Metadata-Version: 2.4
Name: tridec
Version: 0.1.0
Summary: Vendor-portable GPU decoders for quantum LDPC codes: Triton min-sum BP and Relay-BP on NVIDIA (CUDA) and AMD (ROCm), with CPU reference implementations, consuming any stim DetectorErrorModel or raw parity-check matrices.
Author: Blake Ledden
License: Apache-2.0
Project-URL: Repository, https://github.com/bledden/tridec
Project-URL: Documentation, https://github.com/bledden/tridec/blob/master/docs/benchmark.md
Project-URL: Issues, https://github.com/bledden/tridec/issues
Keywords: quantum error correction,qLDPC,decoder,belief propagation,triton,stim,GPU
Classifier: Development Status :: 3 - Alpha
Classifier: Intended Audience :: Science/Research
Classifier: License :: OSI Approved :: Apache Software License
Classifier: Programming Language :: Python :: 3
Classifier: Topic :: Scientific/Engineering :: Physics
Requires-Python: >=3.10
Description-Content-Type: text/markdown
License-File: LICENSE
Requires-Dist: numpy>=1.24
Requires-Dist: scipy>=1.10
Requires-Dist: stim>=1.13
Provides-Extra: torch
Requires-Dist: torch>=2.4; extra == "torch"
Provides-Extra: gpu
Requires-Dist: torch>=2.4; extra == "gpu"
Requires-Dist: triton>=3.0; extra == "gpu"
Provides-Extra: decoders
Requires-Dist: ldpc>=2.4.1; extra == "decoders"
Requires-Dist: relay-bp[stim]>=0.2.2; extra == "decoders"
Provides-Extra: sinter
Requires-Dist: sinter>=1.15; extra == "sinter"
Provides-Extra: dev
Requires-Dist: pytest>=8.0; extra == "dev"
Requires-Dist: sinter>=1.15; extra == "dev"
Requires-Dist: pymatching>=2.1; extra == "dev"
Dynamic: license-file

# tridec

[![ci](https://github.com/bledden/tridec/actions/workflows/ci.yml/badge.svg)](https://github.com/bledden/tridec/actions/workflows/ci.yml)
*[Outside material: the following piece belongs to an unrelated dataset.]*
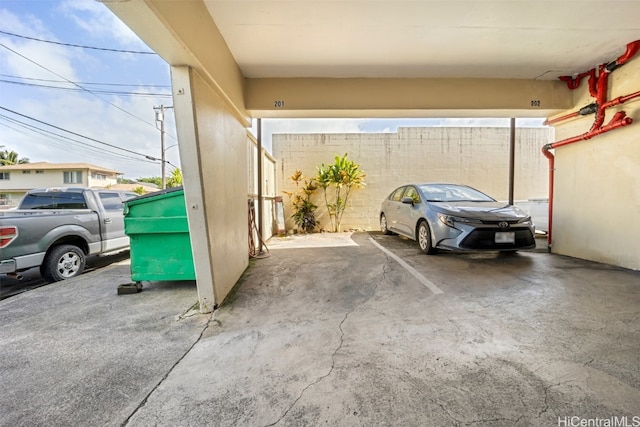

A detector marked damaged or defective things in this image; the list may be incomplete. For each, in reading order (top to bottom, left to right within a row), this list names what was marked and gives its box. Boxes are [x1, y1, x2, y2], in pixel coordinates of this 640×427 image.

cracked concrete floor [126, 234, 640, 427] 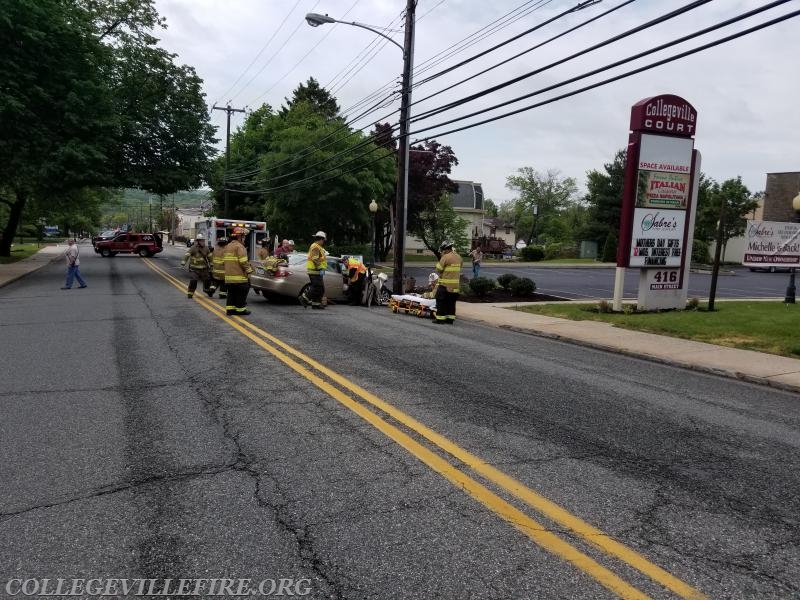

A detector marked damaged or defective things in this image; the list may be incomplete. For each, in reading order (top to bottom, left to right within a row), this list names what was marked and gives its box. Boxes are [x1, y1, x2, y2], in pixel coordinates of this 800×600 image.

detached car part on road [93, 231, 163, 256]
*Badge honesty: CI is CPU-only (ubuntu + macos arm64; the macos lane binds the
strict exact-count receipt gates). There are no GPU runners — the CUDA/ROCm
kernel paths are validated by the carried H200/MI300X receipts in
`bench/receipts/`, and the experimental Metal tier runs on a local machine.*

An open, vendor-portable GPU decoder library for quantum LDPC codes — Triton
min-sum BP and Relay-BP decoders that consume any stim `DetectorErrorModel` or
raw parity-check matrices, with CPU reference implementations, validated
against the standard CPU references (`ldpc`, `relay-bp`), running on NVIDIA
(CUDA) and AMD (ROCm) GPUs.

The same Triton kernels run unmodified on both vendors: the Relay-BP kernel
reproduces its logical-error-rate validation numbers identically on an NVIDIA
H200 (CUDA 12.4, triton 3.0) and an AMD MI300X (ROCm 7.0, triton 3.4) — see
[docs/benchmark.md](docs/benchmark.md) and the raw receipts in
`bench/receipts/`. Validated scope is NVIDIA + AMD; Apple silicon runs the
same kernels through [triton-metal](https://github.com/bledden/triton-metal)
as an **experimental** backend (see below).

## Install

Most users want `pip install "tridec[torch,decoders]"` (CPU+GPU torch backend
plus the reference adapters). The bare install is the **numpy CPU reference
only** — correct but slow.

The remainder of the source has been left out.